Le 5 janvier, des impacts de balles ont été découverts sur le site d'Orange, situé dans le quartier de Saint-Mauront à Marseille, amplifiant les préoccupations concernant la sécurité des employés. Ce site avait rouvert ses portes il y a moins d’un mois, après une fermeture due à une recrudescence des violences connexes au narcotrafic dans la région.

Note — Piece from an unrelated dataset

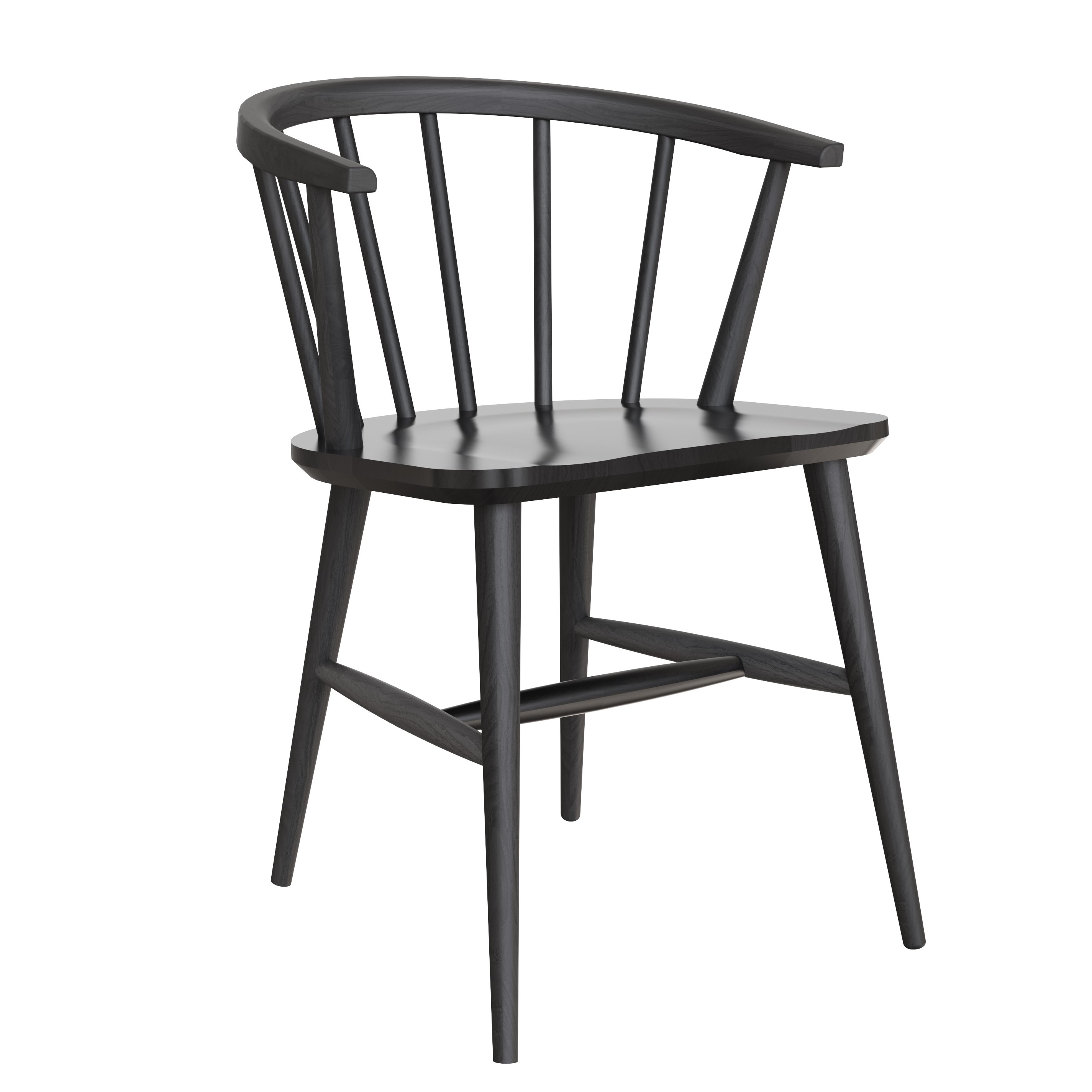 Como Dining Armchair Black Beech (2pk)  by Bell & Stocchero | Style Our Home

La préfecture de police a déjà renforcé la présence policière sur les lieux, une décision prise suite à la montée des tensions dans le quartier, qui a conduit, le 28 novembre dernier, à la fermeture temporaire du site d’Orange. Selon les premières informations communiquées par BFMTV, la préfète de police déléguée s’est rapidement rendue sur place pour évaluer la situation, accompagnée d’équipes de la Direction interdépartementale de la police nationale (DIPN) chargées d’effectuer les constatations nécessaires et l’expertise balistique.
La date des tirs demeure indéterminée, mais les informations recueillies laissent penser que les faits se sont produits en dehors des horaires d'ouverture. Une enquête a été ouverte, et l'exploitation des images de vidéosurveillance est actuellement en cours.
Des témoignages recueillis par des médias locaux évoquent un climat de peur parmi les employés, qui s’étaient progressivement réinstallés sur le site à partir du 15 décembre. Orange avait alors promis plusieurs mesures de sécurité, incluant des patrouilles renforcées. Selon des experts en sécurité urbaine, cette situation illustre les difficultés croissantes rencontrées par les entreprises dans les quartiers touchés par la criminalité.
Les appels à une réponse plus forte de la part des autorités se multiplient, notamment en ce qui concerne la lutte contre le narcotrafic et la violence associée. La récurrence des incidents de ce type rappelle l'urgence de solutions pérennes pour améliorer la sécurité dans cette zone délicate de la ville.